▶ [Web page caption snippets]

..............................

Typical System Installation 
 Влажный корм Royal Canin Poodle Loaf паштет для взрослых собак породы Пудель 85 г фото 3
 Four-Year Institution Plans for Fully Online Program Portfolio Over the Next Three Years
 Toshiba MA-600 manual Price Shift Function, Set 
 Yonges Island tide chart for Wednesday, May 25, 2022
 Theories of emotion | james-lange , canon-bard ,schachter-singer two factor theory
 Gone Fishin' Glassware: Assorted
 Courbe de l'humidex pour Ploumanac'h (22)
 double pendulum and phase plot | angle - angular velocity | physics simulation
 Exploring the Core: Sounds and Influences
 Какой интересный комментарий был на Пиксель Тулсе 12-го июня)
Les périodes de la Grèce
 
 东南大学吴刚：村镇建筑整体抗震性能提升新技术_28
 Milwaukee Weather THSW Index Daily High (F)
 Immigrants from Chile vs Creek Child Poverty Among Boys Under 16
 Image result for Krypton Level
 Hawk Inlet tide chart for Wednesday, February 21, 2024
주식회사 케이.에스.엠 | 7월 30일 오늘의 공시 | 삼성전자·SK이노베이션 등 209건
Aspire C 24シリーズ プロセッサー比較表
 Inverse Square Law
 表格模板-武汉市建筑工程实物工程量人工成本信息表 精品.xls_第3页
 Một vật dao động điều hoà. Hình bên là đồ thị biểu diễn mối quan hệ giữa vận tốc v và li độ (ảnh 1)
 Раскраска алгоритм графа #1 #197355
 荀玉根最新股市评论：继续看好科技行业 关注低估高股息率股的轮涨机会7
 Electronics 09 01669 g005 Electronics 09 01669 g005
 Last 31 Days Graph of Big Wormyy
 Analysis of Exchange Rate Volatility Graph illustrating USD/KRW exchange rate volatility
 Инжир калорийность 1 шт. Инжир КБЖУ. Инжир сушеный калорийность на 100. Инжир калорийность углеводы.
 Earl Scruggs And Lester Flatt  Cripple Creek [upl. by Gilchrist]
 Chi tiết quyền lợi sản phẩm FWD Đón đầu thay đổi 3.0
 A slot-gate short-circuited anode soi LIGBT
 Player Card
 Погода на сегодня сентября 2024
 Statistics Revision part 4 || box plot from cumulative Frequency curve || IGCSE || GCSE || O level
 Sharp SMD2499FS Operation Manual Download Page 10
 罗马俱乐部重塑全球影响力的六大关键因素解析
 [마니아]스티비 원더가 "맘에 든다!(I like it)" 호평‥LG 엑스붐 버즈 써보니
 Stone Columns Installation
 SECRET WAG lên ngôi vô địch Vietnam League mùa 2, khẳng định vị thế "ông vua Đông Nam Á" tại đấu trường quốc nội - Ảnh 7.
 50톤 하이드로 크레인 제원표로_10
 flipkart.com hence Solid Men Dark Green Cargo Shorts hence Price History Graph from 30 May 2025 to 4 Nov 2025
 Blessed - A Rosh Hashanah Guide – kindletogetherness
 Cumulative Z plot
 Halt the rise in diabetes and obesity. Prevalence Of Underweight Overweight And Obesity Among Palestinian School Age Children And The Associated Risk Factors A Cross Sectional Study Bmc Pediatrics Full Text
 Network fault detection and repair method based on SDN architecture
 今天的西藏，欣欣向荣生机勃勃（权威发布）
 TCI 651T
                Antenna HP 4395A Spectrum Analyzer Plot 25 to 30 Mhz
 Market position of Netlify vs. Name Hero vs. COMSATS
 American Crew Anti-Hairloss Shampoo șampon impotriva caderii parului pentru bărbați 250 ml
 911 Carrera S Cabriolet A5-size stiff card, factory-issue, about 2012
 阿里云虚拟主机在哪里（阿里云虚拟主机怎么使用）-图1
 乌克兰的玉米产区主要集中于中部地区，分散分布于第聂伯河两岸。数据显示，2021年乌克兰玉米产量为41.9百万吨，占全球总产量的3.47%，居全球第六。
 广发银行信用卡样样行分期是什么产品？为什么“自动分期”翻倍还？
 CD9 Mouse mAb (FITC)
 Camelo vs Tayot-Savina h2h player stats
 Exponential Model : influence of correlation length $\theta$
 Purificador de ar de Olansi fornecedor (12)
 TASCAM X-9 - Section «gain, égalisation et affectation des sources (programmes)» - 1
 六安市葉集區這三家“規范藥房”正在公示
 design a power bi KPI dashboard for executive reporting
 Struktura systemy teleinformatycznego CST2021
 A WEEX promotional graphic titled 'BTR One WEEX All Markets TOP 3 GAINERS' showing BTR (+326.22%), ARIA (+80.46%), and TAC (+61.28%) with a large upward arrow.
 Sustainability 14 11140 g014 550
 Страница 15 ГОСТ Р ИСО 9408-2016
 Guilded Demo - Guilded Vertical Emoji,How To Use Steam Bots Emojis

..............................

The answer must be the line containing "Sustainability 14 11140 g014 550" and every line after it through the last line of the records above, repeated exactly.

▶ [Output of the task]
 Sustainability 14 11140 g014 550
 Страница 15 ГОСТ Р ИСО 9408-2016
 Guilded Demo - Guilded Vertical Emoji,How To Use Steam Bots Emojis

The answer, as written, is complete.